Please note it is extremely important for you to take the time to fully analyze and review any franchise agreement, disclosure document and respective attachments before you sign them. While the following information may serve as a general overview, as always, you should also seek your own professional legal advice when reviewing a franchise agreement. Only then can you obtain specific information and recommendations relevant to your particular circumstances.

Clauses where applicable
You can certainly expect to find clauses within your new franchise agreement that (a) require your franchised location’s premises to be constructed and developed 
in accordance with the franchisor’s standard plans and (b) prohibit any variations being made to them without the franchisor’s prior written consent.

This, of course, is assuming that the franchised business you are buying requires physical premises (e.g. a retail location) at all. Today, of course, many franchises are instead operated out of the franchisee’s home and/or as a mobile business.

This is also assuming you as the franchisee are going to be responsible for the buildout of your franchise’s location. Such is not always the case, as many franchisors instead sell franchises they have already developed as ‘turnkey’ locations. In these situations, the franchisor is responsible for the buildout of the franchised location, although the franchisee is typically responsible for all of the costs associated with the buildout; and once construction of the location is completed, the franchisor turns over the keys to the franchisee to operate the new business.

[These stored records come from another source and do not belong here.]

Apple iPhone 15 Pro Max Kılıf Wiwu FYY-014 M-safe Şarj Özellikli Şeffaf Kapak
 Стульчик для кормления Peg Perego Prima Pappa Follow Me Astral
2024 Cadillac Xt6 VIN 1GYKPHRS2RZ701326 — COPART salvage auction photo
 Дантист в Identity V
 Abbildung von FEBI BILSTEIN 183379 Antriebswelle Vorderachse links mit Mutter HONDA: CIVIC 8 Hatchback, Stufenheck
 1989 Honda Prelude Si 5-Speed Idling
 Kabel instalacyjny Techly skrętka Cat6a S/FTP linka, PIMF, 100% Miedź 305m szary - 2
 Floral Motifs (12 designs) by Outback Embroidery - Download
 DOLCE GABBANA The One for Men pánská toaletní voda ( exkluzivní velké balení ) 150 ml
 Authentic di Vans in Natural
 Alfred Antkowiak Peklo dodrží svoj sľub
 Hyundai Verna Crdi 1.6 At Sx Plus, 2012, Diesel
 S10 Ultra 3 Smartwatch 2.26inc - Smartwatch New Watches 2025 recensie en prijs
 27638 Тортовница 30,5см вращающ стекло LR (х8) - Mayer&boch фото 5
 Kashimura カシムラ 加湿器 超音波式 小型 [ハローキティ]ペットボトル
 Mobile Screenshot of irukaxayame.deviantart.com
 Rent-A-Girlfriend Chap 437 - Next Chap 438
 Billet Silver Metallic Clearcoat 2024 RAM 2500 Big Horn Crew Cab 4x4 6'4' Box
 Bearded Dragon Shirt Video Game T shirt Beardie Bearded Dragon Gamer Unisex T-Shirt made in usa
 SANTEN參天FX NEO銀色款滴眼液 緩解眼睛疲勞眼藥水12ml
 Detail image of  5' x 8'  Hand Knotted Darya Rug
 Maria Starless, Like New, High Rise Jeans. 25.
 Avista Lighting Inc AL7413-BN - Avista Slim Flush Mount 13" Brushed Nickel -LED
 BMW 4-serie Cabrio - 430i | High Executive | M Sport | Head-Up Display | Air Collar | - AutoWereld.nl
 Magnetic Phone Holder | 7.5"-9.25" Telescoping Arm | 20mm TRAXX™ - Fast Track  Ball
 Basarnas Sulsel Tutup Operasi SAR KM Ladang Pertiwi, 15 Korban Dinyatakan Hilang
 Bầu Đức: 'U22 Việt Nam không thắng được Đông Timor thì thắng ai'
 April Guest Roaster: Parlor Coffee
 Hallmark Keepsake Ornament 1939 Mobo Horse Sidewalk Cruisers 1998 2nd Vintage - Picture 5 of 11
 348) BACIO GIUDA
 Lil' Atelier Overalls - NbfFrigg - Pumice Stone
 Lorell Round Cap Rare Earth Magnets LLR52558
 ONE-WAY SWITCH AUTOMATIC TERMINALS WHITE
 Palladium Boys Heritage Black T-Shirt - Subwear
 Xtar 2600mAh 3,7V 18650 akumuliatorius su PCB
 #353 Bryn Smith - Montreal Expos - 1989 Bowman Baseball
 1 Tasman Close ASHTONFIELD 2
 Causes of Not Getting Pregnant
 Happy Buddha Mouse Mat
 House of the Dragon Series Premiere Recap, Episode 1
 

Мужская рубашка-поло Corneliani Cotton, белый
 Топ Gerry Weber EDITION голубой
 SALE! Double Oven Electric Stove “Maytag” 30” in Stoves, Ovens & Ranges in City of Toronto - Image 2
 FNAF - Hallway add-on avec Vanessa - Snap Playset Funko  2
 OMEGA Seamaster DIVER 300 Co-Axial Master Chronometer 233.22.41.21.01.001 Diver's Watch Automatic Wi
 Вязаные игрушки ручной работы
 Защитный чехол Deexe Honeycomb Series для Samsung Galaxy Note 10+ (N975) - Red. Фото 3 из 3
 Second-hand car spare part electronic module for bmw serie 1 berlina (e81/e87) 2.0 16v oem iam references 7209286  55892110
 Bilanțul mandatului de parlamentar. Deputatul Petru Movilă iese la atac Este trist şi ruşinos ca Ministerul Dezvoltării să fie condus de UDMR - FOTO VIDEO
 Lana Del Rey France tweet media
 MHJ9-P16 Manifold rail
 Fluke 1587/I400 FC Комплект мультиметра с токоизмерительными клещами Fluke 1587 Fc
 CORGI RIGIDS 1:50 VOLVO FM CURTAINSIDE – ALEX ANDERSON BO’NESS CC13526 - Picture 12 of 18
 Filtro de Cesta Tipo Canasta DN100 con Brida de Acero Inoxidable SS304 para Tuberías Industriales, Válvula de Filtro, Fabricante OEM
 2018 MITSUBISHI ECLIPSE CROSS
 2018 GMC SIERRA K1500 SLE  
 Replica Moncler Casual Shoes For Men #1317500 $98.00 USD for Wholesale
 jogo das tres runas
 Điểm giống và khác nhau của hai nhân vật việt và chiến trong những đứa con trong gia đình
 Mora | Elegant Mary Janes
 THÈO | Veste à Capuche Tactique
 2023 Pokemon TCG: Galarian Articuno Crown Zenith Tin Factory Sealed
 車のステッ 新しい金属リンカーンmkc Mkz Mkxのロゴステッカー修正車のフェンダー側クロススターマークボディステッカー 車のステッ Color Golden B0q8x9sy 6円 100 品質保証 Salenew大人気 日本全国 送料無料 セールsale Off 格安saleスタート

For franchisees who are already operating and have been asked by the franchisor to undergo a ‘brand refresh’ and/or perform upgrades on their location—which is often the case when the lease or franchise agreement is up for renewal, typically every five years—the same rules will apply, in that the premises must be renovated or redeveloped in accordance with the franchisor’s plans. Such is also the case in the event the franchised business is relocated to a new area.